Du spectacle, nous ne retenons de l’auteur de La Reine morte (1954) que les noms de M. Sassi qui a l’air d’un bon gros, avec une dent en or, tirant de sa guitare «  des sons qui font pâlir le chant des oiseaux » et e M. Bensaid qui chante ensuite, avec ses trois accompagnateurs. A l’interlude entre deux morceaux anciens, « une stylisation orientale de charleston, à la grande horreur des quelques touristes présents », mais au grand délire des assistants arabes.

L’auteur des Jeunes Filles (1937) et à travers son antijudaïsme primaire, assemble le propre du discours colonial de l’indigénat et de l’Arabe.

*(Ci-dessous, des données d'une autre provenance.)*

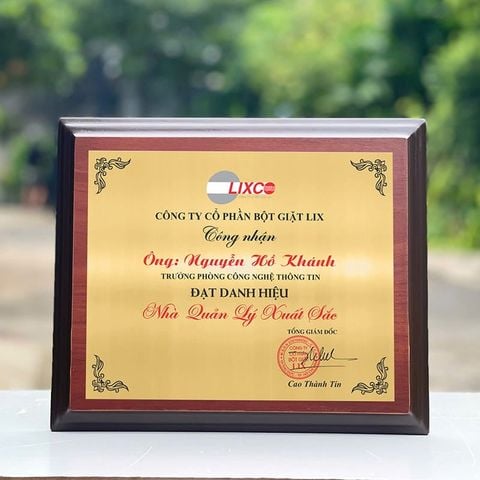 Bảng vinh danh gỗ hợp kim BVD-004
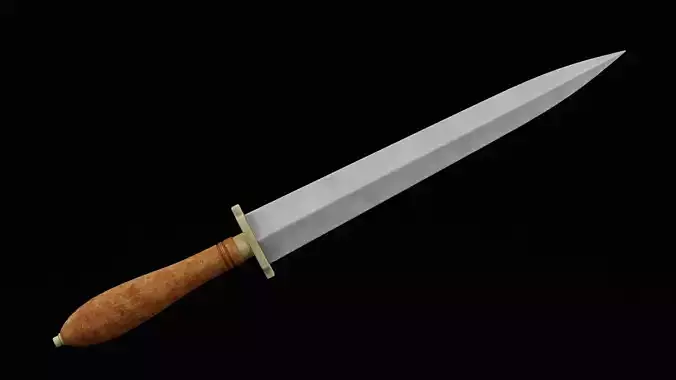 Dagger Weapon Low-poly 3D model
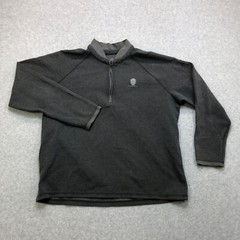 Adidas Pullover men’s Extra Large Grey Quarter Zip Golf Performance Logo Sweater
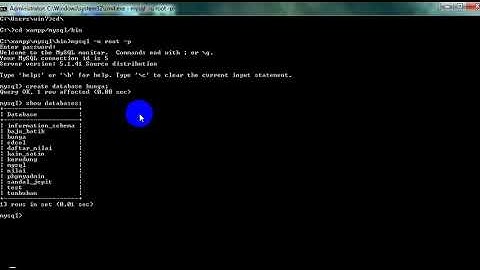 Tutorial Menjalankan MYSQL Dengan Xampp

Cet Arabe qui chante du Mozart, une Fatma, gouvernante de son état et toute fière d’être Française dans une famille de Bédouins le tout à travers une idée de la musique arabe que seul Monsieur de Montherlant pouvait y témoigner en cette heureuse année de 1929, d’avant le Centenaire de la colonisation.

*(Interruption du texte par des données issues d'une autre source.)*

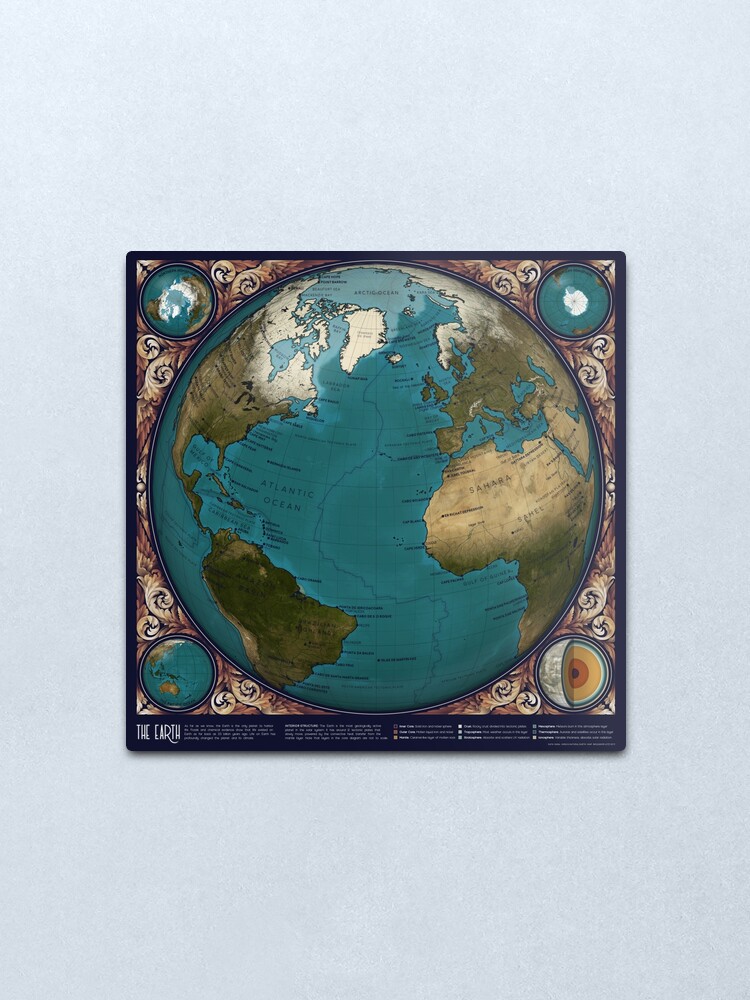Alternate view of The Earth Metal Print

A travers ce témoignage, nous saisissons e climat social et artistique dans lequel baigné la troupe El-Moutribia sous ce haut et seul patronage de la gouvernance générale de la colonie Algérie. Celui qui pris en main les destinés de la Société musicale à la mort de son fondateur, Edmond Nathan Yafil (1874-1928), cet artiste israélite d’Alger et des plus aimé e la part de la population musulmane, nous entendons par-là M. Mahieddine Bachetarzi (1897-1986), qui fut dès son jeune âge un des jeunes muezzins de la mosquée d’Alger avec une voix mélodieuse et bien présente, il sera appelé à lancer l’appel à la prière du haut du minaret de la futur mosquée de Paris lors de son inauguration, le 16/07/1926, en présence du roi du Maroc, Moulay Youcef. Cette forme architecturale qui s’éleva à Paris est une réhabilitation de la culture et de la personnalité nord-africaine au milieu d’une affirmation de la supériorité des canons des institutions coloniales françaises en tant que système universel et du rôle passif de la culture du colonisé, à vouloir se soumettre à la puissance économique et culturelle du maître civilisateur. Un édifice, un roi, un dignitaire maraboutique, des représentants de la féodalité « indigène », des musiciens Européens qui exécutent des chants arabes, des danseuses indiscrètes et des you-you pour amuser la galerie parisienne de la Belle-époque et le tout afin de montrer toute la force de vouloir « civiliser » les sociétés les plus arriérées ou retardées à un moment de leu évolution (Girardet, L’Idée coloniale en France de 1871 à 1962, Paris, La Table Ronde, 1972, p.139).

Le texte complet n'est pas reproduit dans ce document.